お酒を飲みたくなり、オフィシャルドリンカーブースでレッドブルアップルハイボールを買ってまたステージに戻る。気に入った曲を調べてみたら、どうやら音源化されていないようだった。そういう曲が聴けるのもライブのよさ。またいつか聴きたい。「あとはのんびり聴こう」と後ろの方に移動しようとしたら、演奏すると思っていなかった好きな曲が流れ出して慌てて前列に戻る。結局最後までじっくり聴いていた。

これだけ盛りだくさんなのにまだお昼どき。休み休み自分のペースで

これだけステージを周って、時刻はやっと12時半を回ったところ。会場内にも、芝生のエリアにレジャーシートを敷いて昼寝をする人や、池のほとりの岩に座って語らう人たちなど休憩中の人がぽつぽつ増えてきている。

特に目的もなく会場内を散歩したのち、きのこステージの前のベンチに落ち着く。隣では、木の枝を持って踊っている男の子がいて楽しそう。きのこステージは、まだ昼時ながらスモークとミラーボールの光で独特の空気。

きのこステージでは、ラッパーの山仁さんがライブ中だった。「自分の人生しっかり楽しんでますか?他己中じゃなくて自己中に行きましょう!」「俺は心と天気が繋がっているって信じてるから、みんなのバイブスで晴れたんじゃないかなーって思ってます」という叫びに、ステージ内の熱量がわっと上がるのを感じる。少し離れたところで私も大きく拍手をしてみる。

お腹が空いたので、そばステージに移動。「ハーイ!パッタイが寂しがってるよ!」というパッタイ屋の声が気になりつつ、軽く食べたい気分だったので台湾ビールと台湾ホットドッグを買い、ステージの後方の芝生に座って食べる。

「タイから来ました、KIKIです!」という挨拶で演奏が始まった、去年に続き2度目の出演のタイのバンド、KIKI。去年は見逃してしまい、いろんな人から「すごくよかった!」と聞いていたので今年も出演してくれてうれしい。外で聴くのが最高に気持ちのいい爽やかなダンスミュージック。前の方ではみんな気持ちが良さそうに身体を揺らしていて、多幸感に溢れた空気。ボーカルのHelenが、途中からイヤモニを外し、観客と一緒になって飛び跳ねていた。最後にはステージからみんなで集合写真を撮影。

さて次はどこに行こうかなと歩いている途中、すれ違った人が「魚の歌を歌ってるラッパー、すごくよかったよ」と話していて気になる。
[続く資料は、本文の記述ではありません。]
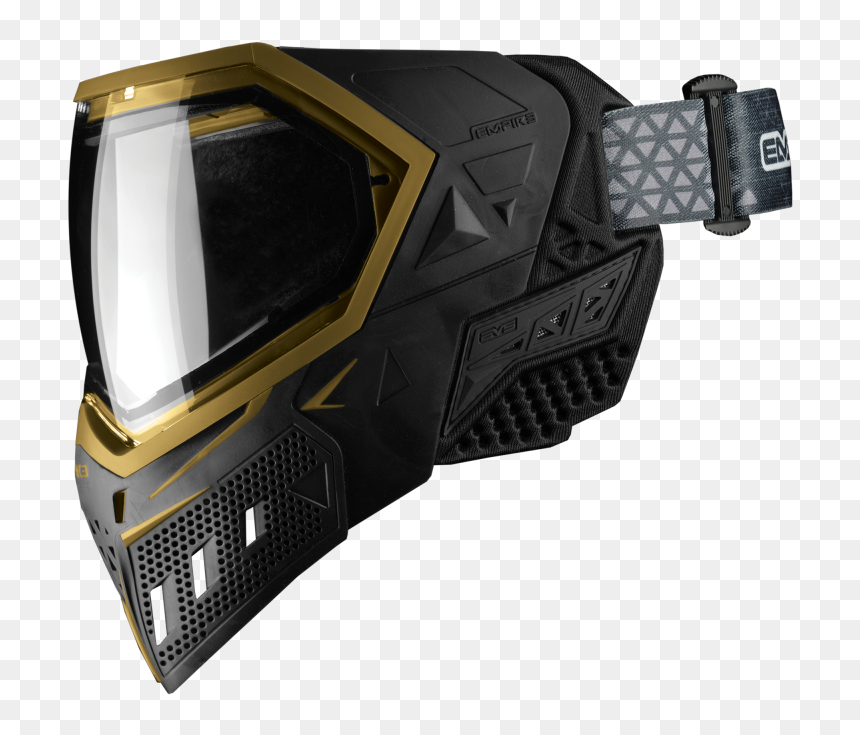 Empire Evs Thermal Paintball Goggles, HD Png Download - paintball mask png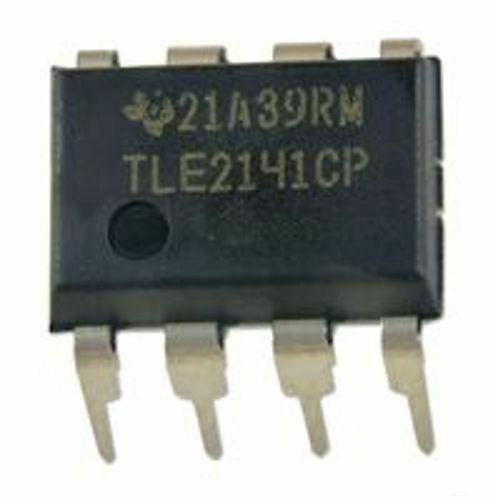 TLE2141CP TLE2141 Low Noise High-Speed Op Amp IC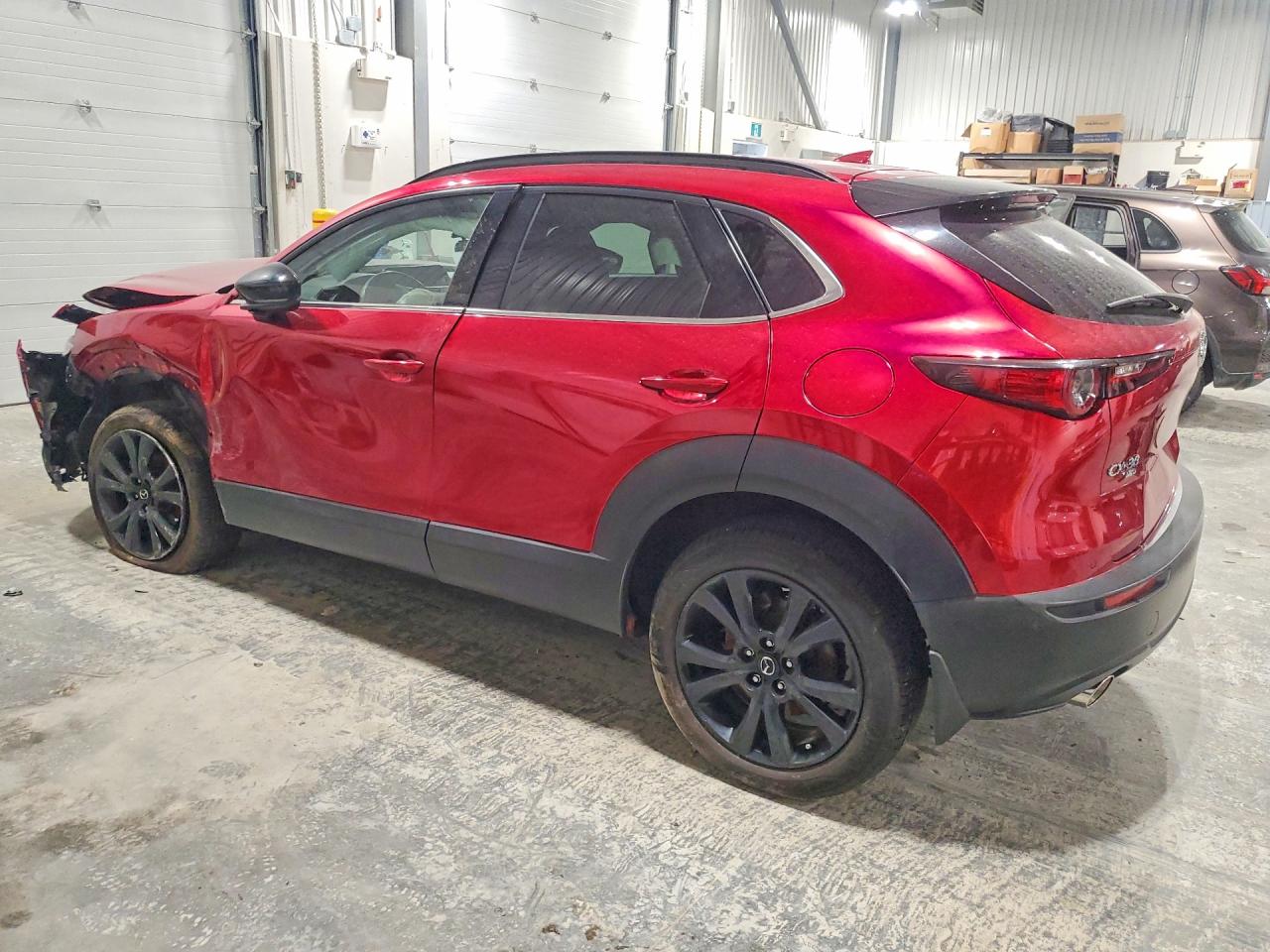 2021 MAZDA CX-30 Premium Package
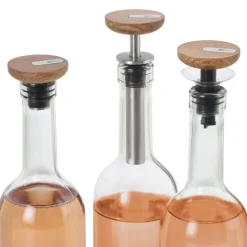 AdHoc Wein-Vakuum-Pumpe CasQ- Barutensilien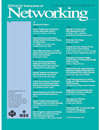 IEEE-ACM TRANSACTIONS ON NETWORKING杂志封面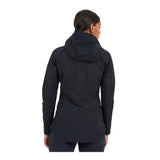 Montane - Krypton Dame Softshell Hoodie // Sort-3-XtraGrej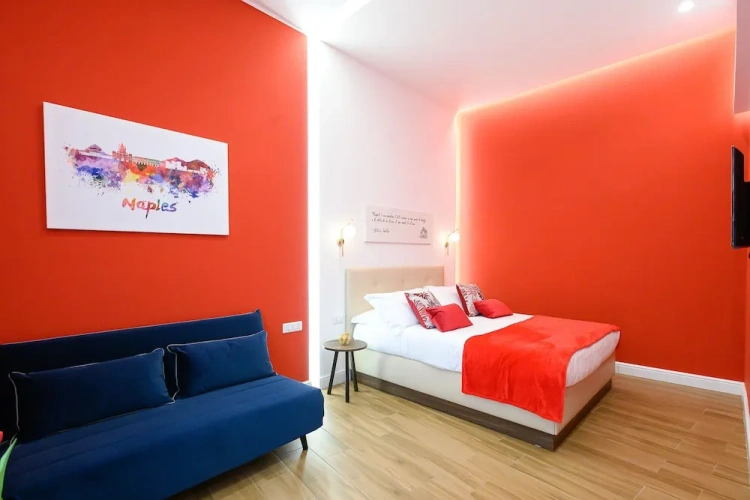 Luxury Quadruple room
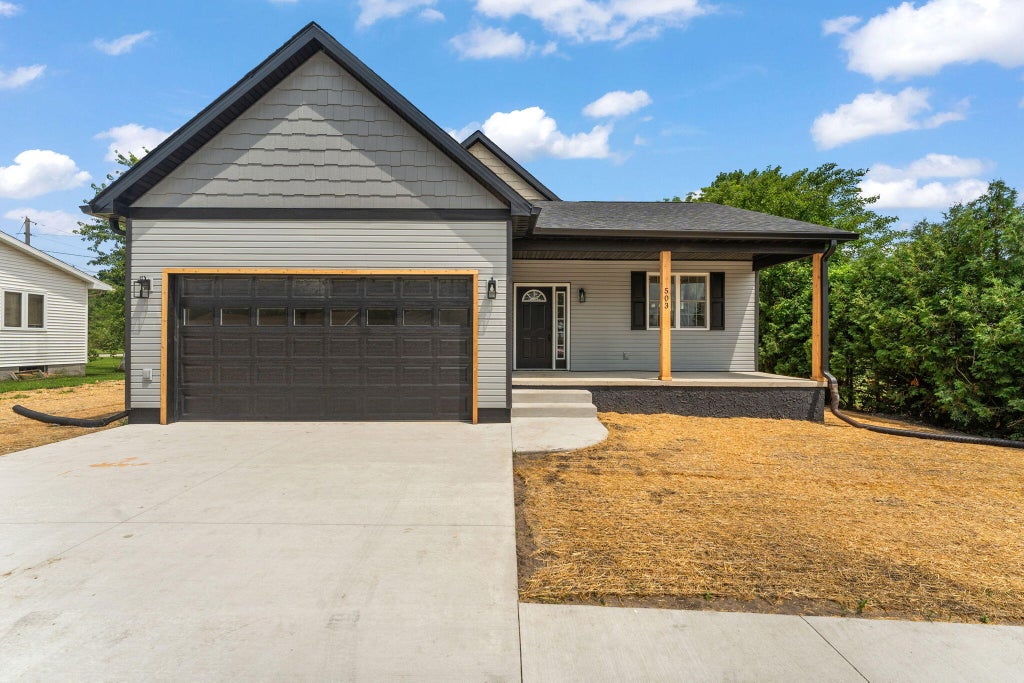 Photo of 503 Exeter Road, Kingsford Heights, IN 46346 (MLS # 842149)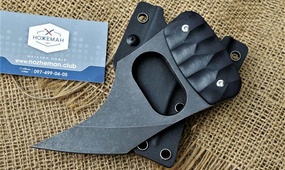 Тычковый нож Bladetricks Pound Push Dagger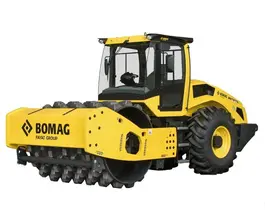 Дорожный каток Bomag BW  б/у
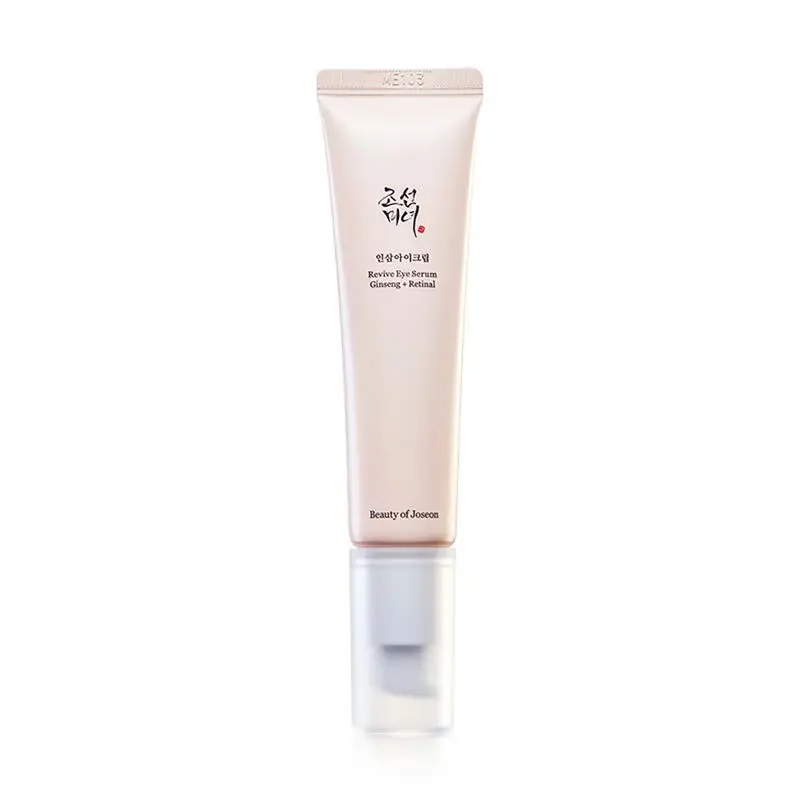 سرم دور چشم احیا کننده جینسینگ + رتینال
わさびステージの横の芝生では、演者なのか一般の参加者なのか、ひたすら一人でギターを練習している人がいた。

見たことのないステップで踊る自分を見せつけられる

行き先に迷った時、つい足が向かうのがレッドブルEVVOステージ。DJ TOMMY(BOY)がDJカーを飛び出し縦横無尽に走り回っていた。邦楽、洋楽問わず少し懐かしいヒットチューンから最近のポップスまでがどんどん続き、通り過ぎようとした人が思わず足を止めて踊り出す。自分もいつの間にか踊っていた。

携帯の通知が鳴り、友人から「踊ってるの見たよ」と動画が届く。再生してみると、見たことのないステップでくるくる周りながら頭を揺らしている自分が写っていた。私ってこんなノリ方するんだ、知らなかった。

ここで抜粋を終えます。